(Beginning of SOURCE DATA)

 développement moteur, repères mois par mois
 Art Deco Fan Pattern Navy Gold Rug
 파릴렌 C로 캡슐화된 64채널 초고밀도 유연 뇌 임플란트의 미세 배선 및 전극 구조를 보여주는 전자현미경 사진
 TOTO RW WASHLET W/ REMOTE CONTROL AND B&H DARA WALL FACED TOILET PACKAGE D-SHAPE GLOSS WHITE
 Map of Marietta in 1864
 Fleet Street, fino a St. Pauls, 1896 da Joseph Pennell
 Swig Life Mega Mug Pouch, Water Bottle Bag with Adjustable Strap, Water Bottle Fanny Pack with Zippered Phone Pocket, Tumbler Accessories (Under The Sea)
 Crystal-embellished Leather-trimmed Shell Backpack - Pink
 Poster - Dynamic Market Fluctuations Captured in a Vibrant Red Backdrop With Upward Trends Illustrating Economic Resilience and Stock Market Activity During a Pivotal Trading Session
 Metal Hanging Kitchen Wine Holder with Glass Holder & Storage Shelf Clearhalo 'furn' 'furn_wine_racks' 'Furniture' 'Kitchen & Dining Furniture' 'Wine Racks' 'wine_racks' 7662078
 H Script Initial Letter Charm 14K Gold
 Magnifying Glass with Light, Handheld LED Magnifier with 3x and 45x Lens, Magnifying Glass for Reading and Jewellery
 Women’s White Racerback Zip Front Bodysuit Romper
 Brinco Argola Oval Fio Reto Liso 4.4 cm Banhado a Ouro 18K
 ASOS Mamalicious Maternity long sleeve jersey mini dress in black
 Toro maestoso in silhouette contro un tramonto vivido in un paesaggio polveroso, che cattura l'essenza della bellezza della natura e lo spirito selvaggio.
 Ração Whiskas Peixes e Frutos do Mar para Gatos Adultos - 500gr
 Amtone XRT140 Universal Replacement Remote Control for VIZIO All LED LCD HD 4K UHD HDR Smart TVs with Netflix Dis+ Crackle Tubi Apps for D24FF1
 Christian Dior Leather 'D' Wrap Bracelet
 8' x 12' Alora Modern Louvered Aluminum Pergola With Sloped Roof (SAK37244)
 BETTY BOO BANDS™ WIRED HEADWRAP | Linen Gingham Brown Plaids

(End of SOURCE DATA)

-- WORK TASK --
Write the records out once more, exactly as shown.

-- ANSWER --
 développement moteur, repères mois par mois
 Art Deco Fan Pattern Navy Gold Rug
 파릴렌 C로 캡슐화된 64채널 초고밀도 유연 뇌 임플란트의 미세 배선 및 전극 구조를 보여주는 전자현미경 사진
 TOTO RW WASHLET W/ REMOTE CONTROL AND B&H DARA WALL FACED TOILET PACKAGE D-SHAPE GLOSS WHITE
 Map of Marietta in 1864
 Fleet Street, fino a St. Pauls, 1896 da Joseph Pennell
 Swig Life Mega Mug Pouch, Water Bottle Bag with Adjustable Strap, Water Bottle Fanny Pack with Zippered Phone Pocket, Tumbler Accessories (Under The Sea)
 Crystal-embellished Leather-trimmed Shell Backpack - Pink
 Poster - Dynamic Market Fluctuations Captured in a Vibrant Red Backdrop With Upward Trends Illustrating Economic Resilience and Stock Market Activity During a Pivotal Trading Session
 Metal Hanging Kitchen Wine Holder with Glass Holder & Storage Shelf Clearhalo 'furn' 'furn_wine_racks' 'Furniture' 'Kitchen & Dining Furniture' 'Wine Racks' 'wine_racks' 7662078
 H Script Initial Letter Charm 14K Gold
 Magnifying Glass with Light, Handheld LED Magnifier with 3x and 45x Lens, Magnifying Glass for Reading and Jewellery
 Women’s White Racerback Zip Front Bodysuit Romper
 Brinco Argola Oval Fio Reto Liso 4.4 cm Banhado a Ouro 18K
 ASOS Mamalicious Maternity long sleeve jersey mini dress in black
 Toro maestoso in silhouette contro un tramonto vivido in un paesaggio polveroso, che cattura l'essenza della bellezza della natura e lo spirito selvaggio.
 Ração Whiskas Peixes e Frutos do Mar para Gatos Adultos - 500gr
 Amtone XRT140 Universal Replacement Remote Control for VIZIO All LED LCD HD 4K UHD HDR Smart TVs with Netflix Dis+ Crackle Tubi Apps for D24FF1
 Christian Dior Leather 'D' Wrap Bracelet
 8' x 12' Alora Modern Louvered Aluminum Pergola With Sloped Roof (SAK37244)
 BETTY BOO BANDS™ WIRED HEADWRAP | Linen Gingham Brown Plaids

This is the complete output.